Work item =>
Copy nothing but the lines below running from the line containing "2019 BMW 5 Series 530i xDrive Springfield PA" through the line containing "Dragon Golf Driver Head Cover", both end lines included.

Data provided =>
BEGIN

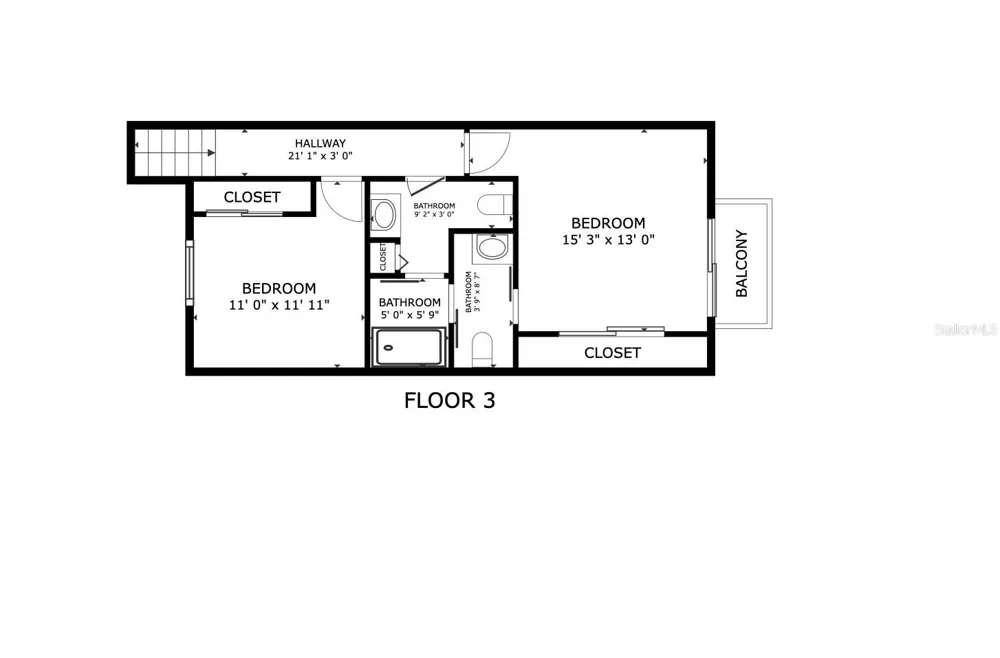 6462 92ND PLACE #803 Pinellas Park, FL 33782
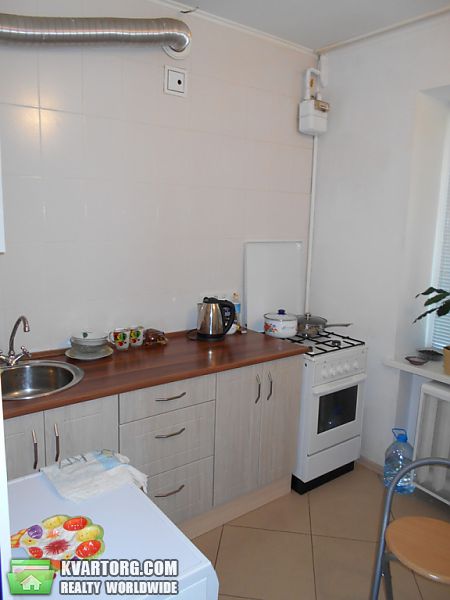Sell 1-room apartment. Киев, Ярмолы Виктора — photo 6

END
BEGIN

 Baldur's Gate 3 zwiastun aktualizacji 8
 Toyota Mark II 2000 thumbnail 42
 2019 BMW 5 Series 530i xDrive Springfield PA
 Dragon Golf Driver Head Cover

END
BEGIN

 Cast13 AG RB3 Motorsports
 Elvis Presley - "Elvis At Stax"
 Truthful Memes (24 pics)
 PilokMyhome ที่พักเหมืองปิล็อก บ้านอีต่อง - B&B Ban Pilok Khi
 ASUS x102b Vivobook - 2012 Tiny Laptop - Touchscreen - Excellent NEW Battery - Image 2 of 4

END

Solution below =>
 2019 BMW 5 Series 530i xDrive Springfield PA
 Dragon Golf Driver Head Cover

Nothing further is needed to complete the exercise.